Without requiring formal community representation under this new policy, stakeholders expect that the establishment of a District Health Council will lead to the dissolution of the CMHF, ending longstanding efforts in the Western Cape to foster formal community participation in the health system. As the Department of Health reviews previous community participation structures in preparation for the establishment of the new District Health Councils, government officials are contemplating the prospective loss of the CMHF, explaining that:
"This is going to be a challenge. Because we’ve legitimized these structures, because we interact with them, because we give them funding. And once a District Health Council comes into being, [the CMHF and sub district foras] have the perception they are legitimate. But they are actually not legally legitimate in terms of the structure. It’s going to call all of this into question."
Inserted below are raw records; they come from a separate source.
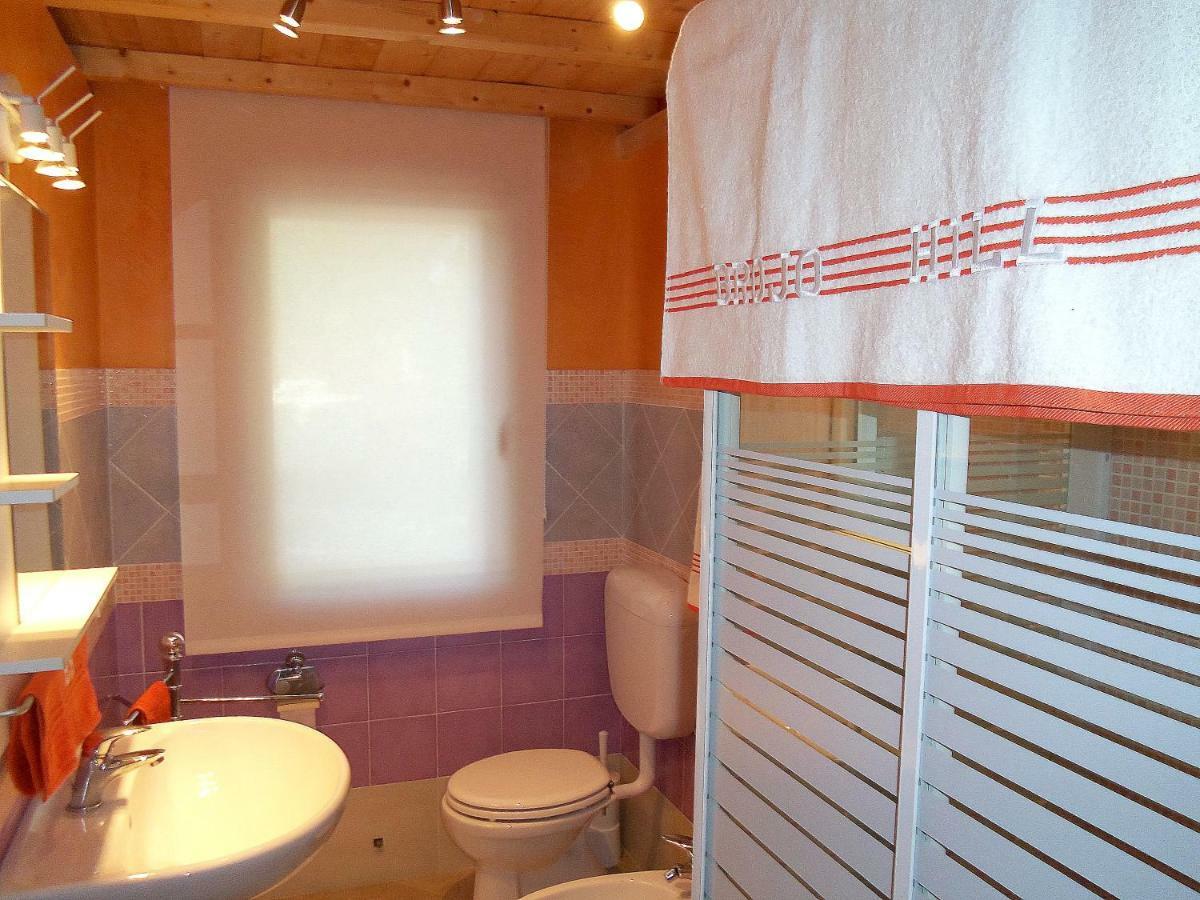 Bed and Breakfast Brojo Hill Longare Экстерьер фото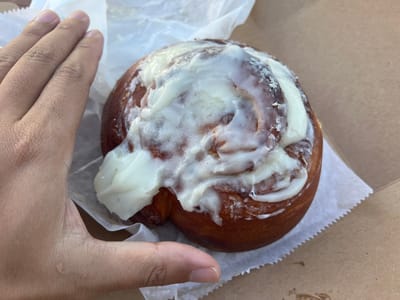 Boardwalk Bakery and Pizzeria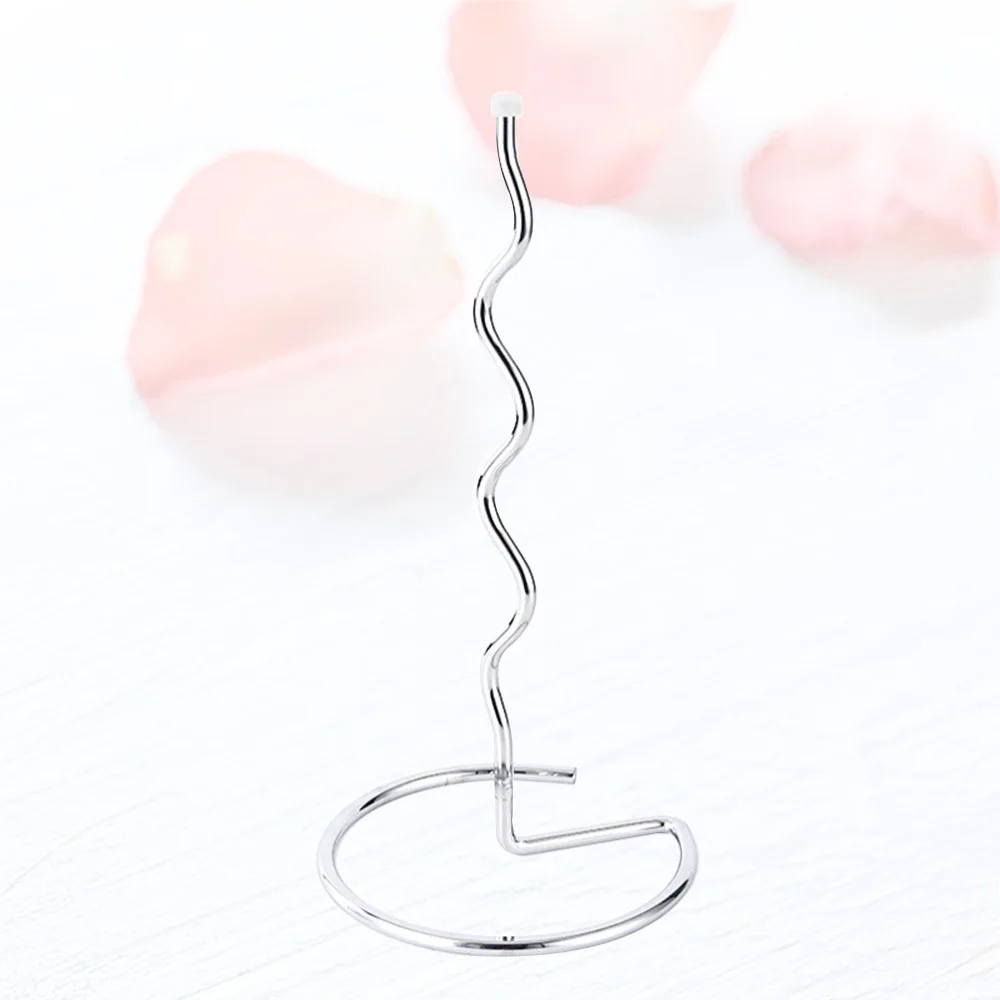 Винный Графин сушилка бутылка для вина столешница Сушилка Подставка держатель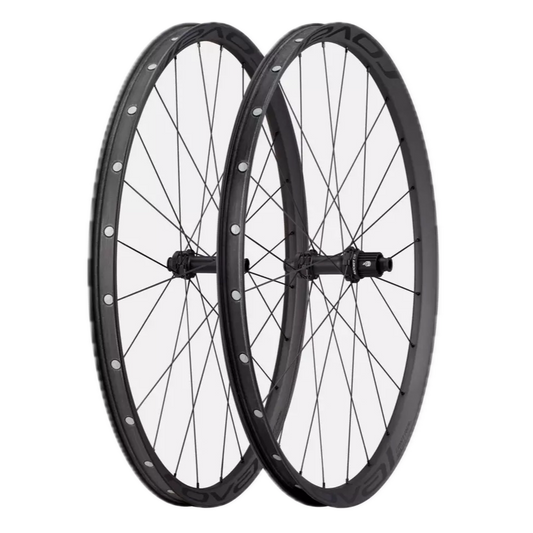 Roval Control SL 29 CL MS Wheelset Satin Carbon/Satin Black 29''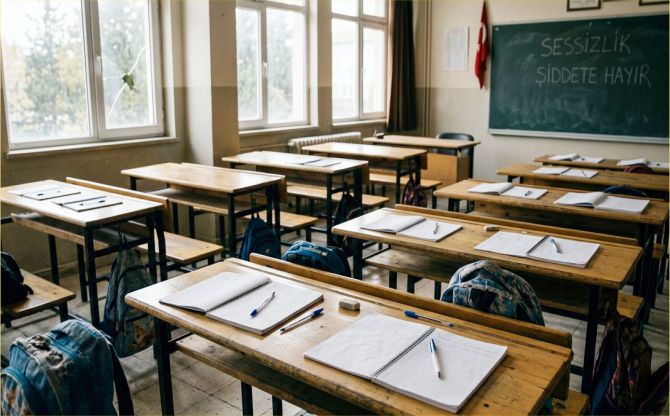 Bir genç ‘kimse beni anlamıyor’ diyorsa dikkat!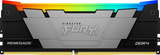 DDR4 128GB (4*32GB) Kingston FURY KF436C18RB2AK4/128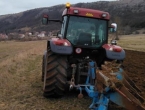 Općina Tomislavgrad dala u zakup 782,43 ha u svrhu poljoprivredne proizvodnje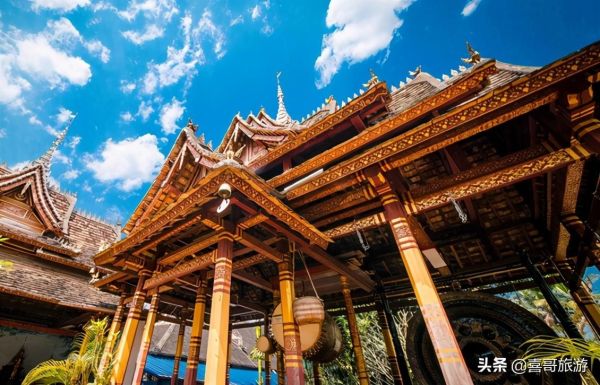 西双版纳十大旅游景点有哪些?自驾游玩如何安排行程路线? 西双版纳十大旅游景点有哪些?自驾游玩如何安排行程路线?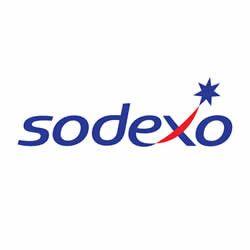 Sodexo Logo - Sodexo - CareerScope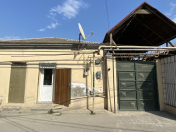 Satılır 4 otaqlı 200 m2 həyət evi NZS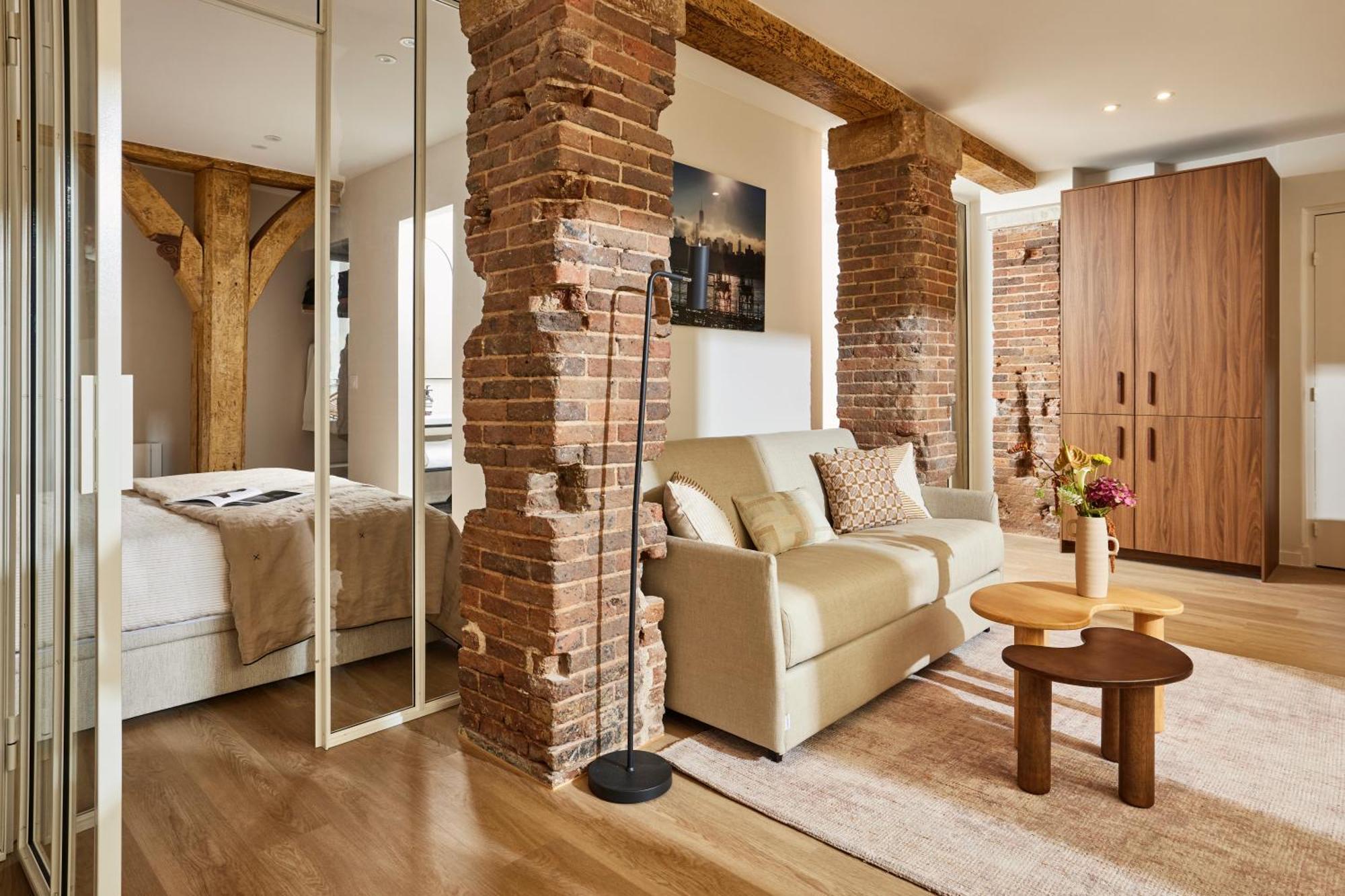 Stylish 2Br & 2Ba With Private Terrace Lejlighed Paris Eksteriør billede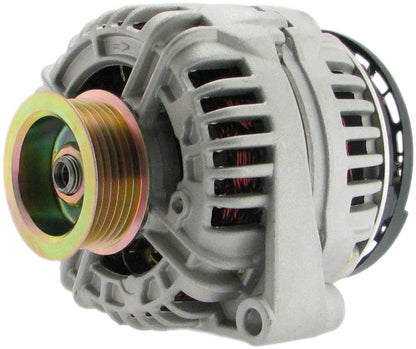 12V alternator 11126 for V6 3.8L, replaces 0124425031, 0124425090, 10339424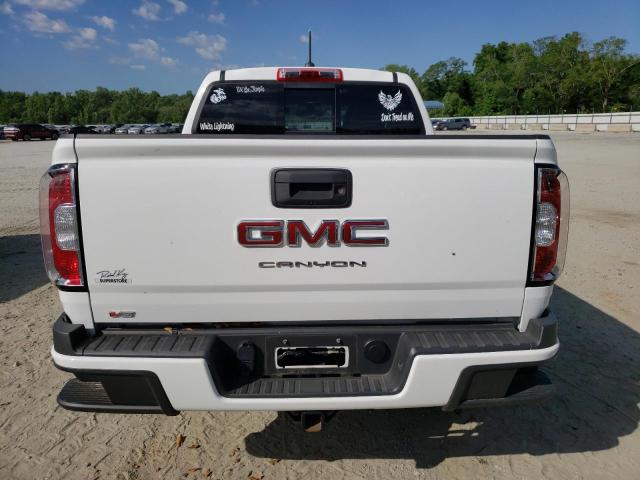 2021 GMC Canyon Elevation VIN: 1GTG5CEN8M1100305 Lot: 55698894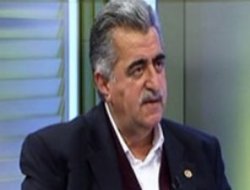 Şeyh Said'in torunundan tebrik mesajı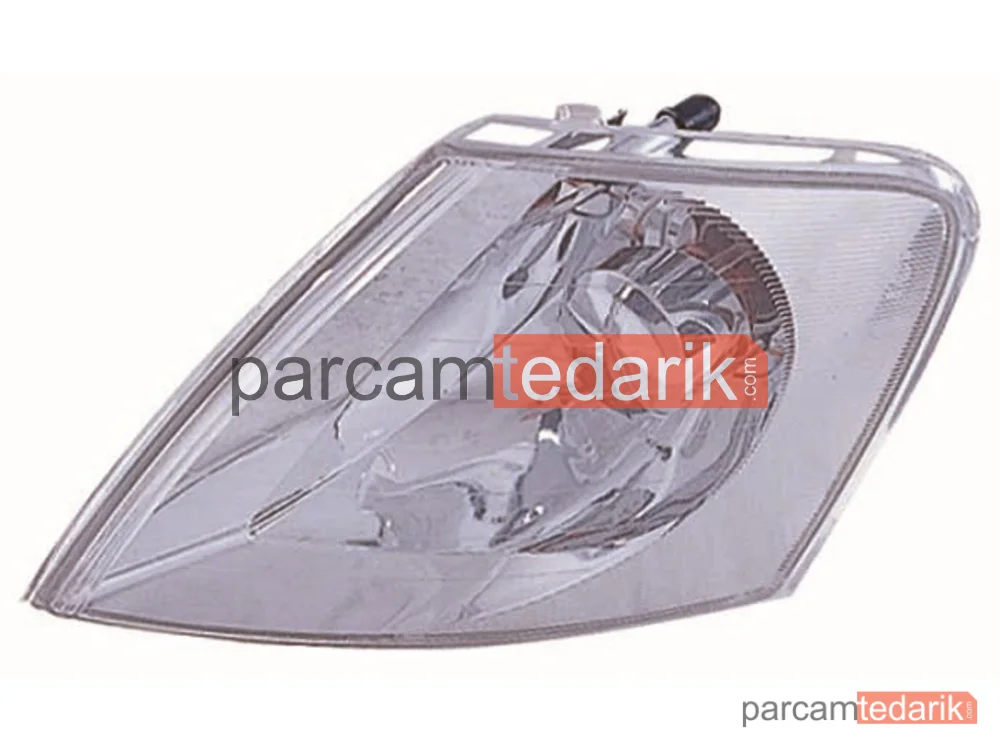 DEPO 4411523LAE | Sinyal Lambası — VW Passat B5, VW Passat B5 Variant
In the absence of legislative institutionalization, the CMHF and HCs have evolved over time to serve a quasi-official role for community participation in the health system, and yet their future is unclear.
Recognizing that the goals, expectations, and methods of community participation must be clearly defined and formally established to ensure a positive working relationship between the health system and community representatives, policymakers must outline specifically defined objectives, roles, and responsibilities to create mutually-accepted, effective, and legitimate institutions to represent the community’s needs. Through a policy framework for community participation, this new District Health Council can develop a transparent and interactive process by which the community’s specific roles are clearly defined, each representative is perceived as a valid representative of the community, capacity is built for engagement with the health system, and the health system is responsive to community concerns.